* _Work required_:
Which lines run from the one containing "Nissan Maxima photo 6" to the end of the material below? Retype exactly those, both ends included, and nothing else.
══ Excerpted records
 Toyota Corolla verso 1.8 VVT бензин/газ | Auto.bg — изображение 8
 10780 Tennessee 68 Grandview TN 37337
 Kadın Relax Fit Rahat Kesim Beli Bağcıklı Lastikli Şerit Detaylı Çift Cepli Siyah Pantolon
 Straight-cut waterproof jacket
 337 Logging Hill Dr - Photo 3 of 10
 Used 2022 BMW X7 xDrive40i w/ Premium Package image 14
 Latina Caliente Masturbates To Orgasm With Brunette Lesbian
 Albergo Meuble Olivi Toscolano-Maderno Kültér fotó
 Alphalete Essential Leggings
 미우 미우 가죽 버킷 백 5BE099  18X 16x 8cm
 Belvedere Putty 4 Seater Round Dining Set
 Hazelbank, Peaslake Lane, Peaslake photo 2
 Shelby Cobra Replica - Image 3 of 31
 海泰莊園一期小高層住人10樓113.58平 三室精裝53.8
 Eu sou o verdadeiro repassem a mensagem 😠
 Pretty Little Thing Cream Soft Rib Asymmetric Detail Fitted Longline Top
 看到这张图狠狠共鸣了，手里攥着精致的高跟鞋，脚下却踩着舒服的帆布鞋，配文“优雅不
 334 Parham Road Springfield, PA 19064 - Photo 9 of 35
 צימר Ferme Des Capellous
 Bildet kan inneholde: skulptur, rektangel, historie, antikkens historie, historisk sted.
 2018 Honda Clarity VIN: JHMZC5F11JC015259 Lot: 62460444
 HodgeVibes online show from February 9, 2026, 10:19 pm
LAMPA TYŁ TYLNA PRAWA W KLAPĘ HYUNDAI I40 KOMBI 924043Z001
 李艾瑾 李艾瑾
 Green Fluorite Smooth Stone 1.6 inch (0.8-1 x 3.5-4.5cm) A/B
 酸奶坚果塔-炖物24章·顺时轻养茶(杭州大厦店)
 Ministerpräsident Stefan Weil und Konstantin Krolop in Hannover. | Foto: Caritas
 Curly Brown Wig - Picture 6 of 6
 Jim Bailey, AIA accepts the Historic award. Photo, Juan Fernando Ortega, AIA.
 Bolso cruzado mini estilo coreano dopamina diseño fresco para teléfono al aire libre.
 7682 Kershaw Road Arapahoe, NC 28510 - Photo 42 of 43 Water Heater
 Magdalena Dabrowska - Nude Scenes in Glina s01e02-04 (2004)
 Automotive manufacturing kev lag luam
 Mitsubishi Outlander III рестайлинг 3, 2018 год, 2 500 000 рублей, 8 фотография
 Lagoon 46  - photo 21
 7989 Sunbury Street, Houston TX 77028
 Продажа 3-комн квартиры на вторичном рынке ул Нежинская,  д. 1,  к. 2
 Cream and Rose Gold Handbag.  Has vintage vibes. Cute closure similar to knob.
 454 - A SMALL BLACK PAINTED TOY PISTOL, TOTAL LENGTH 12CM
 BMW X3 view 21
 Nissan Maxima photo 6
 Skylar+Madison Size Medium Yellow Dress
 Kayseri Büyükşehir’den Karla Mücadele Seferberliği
════
* _Task response_:
 Nissan Maxima photo 6
 Skylar+Madison Size Medium Yellow Dress
 Kayseri Büyükşehir’den Karla Mücadele Seferberliği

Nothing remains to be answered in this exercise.